<<<<

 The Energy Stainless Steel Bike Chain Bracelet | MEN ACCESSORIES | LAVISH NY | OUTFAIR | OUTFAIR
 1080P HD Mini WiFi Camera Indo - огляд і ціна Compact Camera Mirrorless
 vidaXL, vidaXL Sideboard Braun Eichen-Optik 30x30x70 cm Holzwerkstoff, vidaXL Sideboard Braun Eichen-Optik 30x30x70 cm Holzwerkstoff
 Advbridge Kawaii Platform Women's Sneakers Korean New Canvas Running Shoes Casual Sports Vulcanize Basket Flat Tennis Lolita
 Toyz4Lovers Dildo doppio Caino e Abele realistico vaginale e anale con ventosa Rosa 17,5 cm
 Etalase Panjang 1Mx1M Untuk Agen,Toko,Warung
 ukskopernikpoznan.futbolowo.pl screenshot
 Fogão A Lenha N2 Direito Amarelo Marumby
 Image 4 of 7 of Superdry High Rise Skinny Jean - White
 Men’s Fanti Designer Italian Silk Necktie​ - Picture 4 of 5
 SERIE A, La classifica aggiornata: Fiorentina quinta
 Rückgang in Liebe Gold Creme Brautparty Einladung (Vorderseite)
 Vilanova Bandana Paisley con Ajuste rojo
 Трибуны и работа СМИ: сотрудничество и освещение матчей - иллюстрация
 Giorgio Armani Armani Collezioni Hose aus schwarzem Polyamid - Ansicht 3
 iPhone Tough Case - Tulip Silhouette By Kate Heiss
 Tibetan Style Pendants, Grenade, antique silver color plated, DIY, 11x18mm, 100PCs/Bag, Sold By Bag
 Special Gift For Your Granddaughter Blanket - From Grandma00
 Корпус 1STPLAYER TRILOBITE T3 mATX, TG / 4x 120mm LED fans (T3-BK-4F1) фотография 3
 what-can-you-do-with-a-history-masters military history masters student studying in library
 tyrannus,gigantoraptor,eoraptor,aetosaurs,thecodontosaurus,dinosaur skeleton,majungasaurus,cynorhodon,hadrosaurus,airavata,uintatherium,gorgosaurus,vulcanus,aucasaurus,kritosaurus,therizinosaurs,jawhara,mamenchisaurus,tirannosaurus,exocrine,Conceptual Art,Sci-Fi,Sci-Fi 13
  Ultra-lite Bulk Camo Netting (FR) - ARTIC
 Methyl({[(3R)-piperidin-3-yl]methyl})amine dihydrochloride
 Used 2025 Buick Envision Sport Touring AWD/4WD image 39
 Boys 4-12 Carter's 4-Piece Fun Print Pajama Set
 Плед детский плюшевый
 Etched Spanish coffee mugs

>>>>

What is needed = Once the line containing "vidaXL, vidaXL Sideboard" has been written out, please stop; every line before it, back to the first line of the records above, should be given exactly.

Task output =
 The Energy Stainless Steel Bike Chain Bracelet | MEN ACCESSORIES | LAVISH NY | OUTFAIR | OUTFAIR
 1080P HD Mini WiFi Camera Indo - огляд і ціна Compact Camera Mirrorless
 vidaXL, vidaXL Sideboard Braun Eichen-Optik 30x30x70 cm Holzwerkstoff, vidaXL Sideboard Braun Eichen-Optik 30x30x70 cm Holzwerkstoff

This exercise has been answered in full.